Spec

Badlang is an experiment. It is different. Its the product of wondering what a minimal language built around symmetric meta-programming would be like. The design decisions are made to match my curiosity and personal tastes, as well as my implementation skill set. If you don't like it, make your own bad language: this is my badlang.

Badlang hopefully should answer the question of what can you do with flexible symmetric meta programming combined with compile time execution. I think there is a lot of potential for neat stuff.

I want a language with more power to customize (and thus confuse) than C++, I want a language with more flexible type system and look-ups than python, but to fail faster (via static typing). I want a language that can run fast. I want a language that can be its own build script, and can extend its own compiler, all as libraries. Perhaps you think I'm crazy for this (As I do), but it should be fun to try to make it; badlang is my attempt.

Badlang is in progress and under design: it is not at all usable, or finalized. It won't be at all usable anytime soon. If you want a language to use, go try something like Go, Haskell, Python, Rust or even C++. Or maybe make your own.

Basics

Badlang is a compiled, strongly typed, statically typed procedural programming language. Well, there may be some debate on it "statically typed" is accurate, but at the very least, it is explicitly typed.

Feature wise, Badlang is focused on meta programming. All features, when practical, are left to be implemented in libraries via meta programming rather than in the language itself.

To enable this, bandlang supports runtime Type generation: Code can create new Types. Libraries can use this to implement things like generics.
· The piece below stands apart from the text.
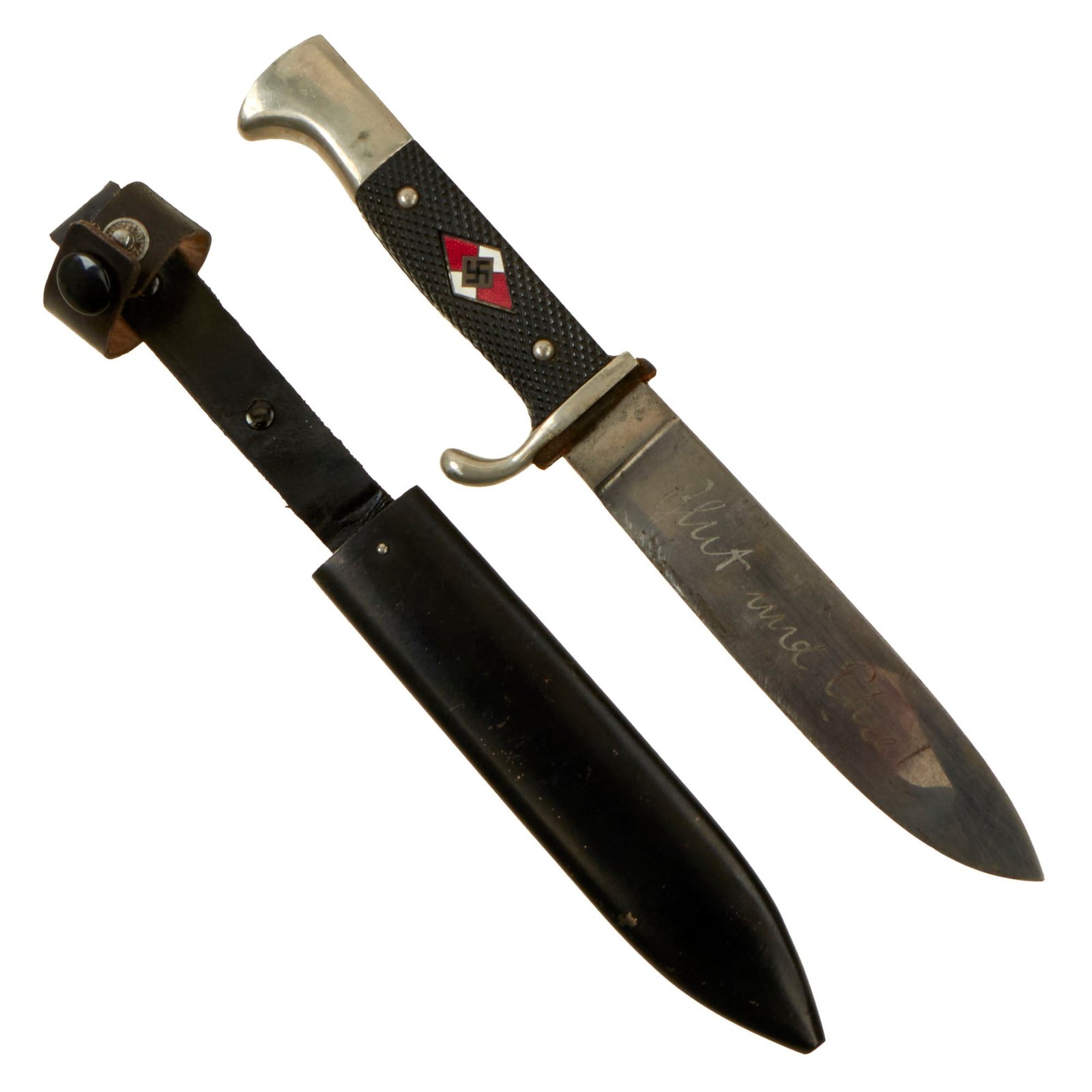 Buy Original German WWII 1938 Dated Transitional HJ Knife with Motto by WKC Waffenfabrik with Scabbard - RZM M7/42 | Original Firearms Antique For Sale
To use this effectively, Types are variables. You may have a a variable A of type Type, then declare a variable of Type A.

Badlang also relies heavily on dynamic look-ups for attributes. Callables also have a special method that can resolve them based on the types passed which allows implementing overloading and generic functions. This, along with Type variables also allows easy runtime reflection.

To run this in a performant manner, compile time function execution will allow propagating constants, which will include the Types in most cases. This means the dynamic look-up functions will usually be called at compile time, saving the runtime overhead.

Types

A type describes a kind of object. These "types" are of type Type. The type Type is special, and predefined (It fills the role of type in python).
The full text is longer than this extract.